▸ **Exercise instructions**:
Starting at the line that contains "Enclosed lanai with", reproduce only the lines through the end of the data, exactly, including both the first and the last; skip the pictures.

▸ **Data section**:
^^^^^^^^
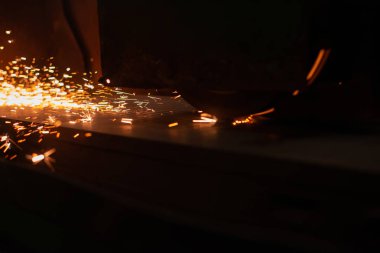 Kıvılcım saçan metal levha. Cnc lazer kesim metal, modern endüstriyel teknoloji. Tamamlanmış parçalar üretiliyor.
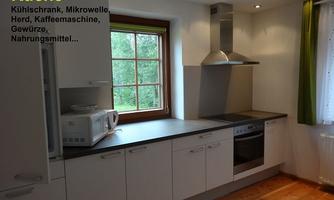 A modern kitchen with white cabinets and a window front. Equipped with a stove, microwave, and coffee maker.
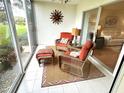 Enclosed lanai with tile flooring, comfortable seating, and plenty of natural light at 6707 Stone River Rd # 105, Bradenton, FL 34203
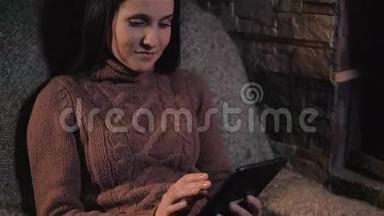 使用数码平板电脑在家中壁炉旁的年轻女子，近距离拍摄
^^^^^^^^
▸ **Written answer**:
 Enclosed lanai with tile flooring, comfortable seating, and plenty of natural light at 6707 Stone River Rd # 105, Bradenton, FL 34203
 使用数码平板电脑在家中壁炉旁的年轻女子，近距离拍摄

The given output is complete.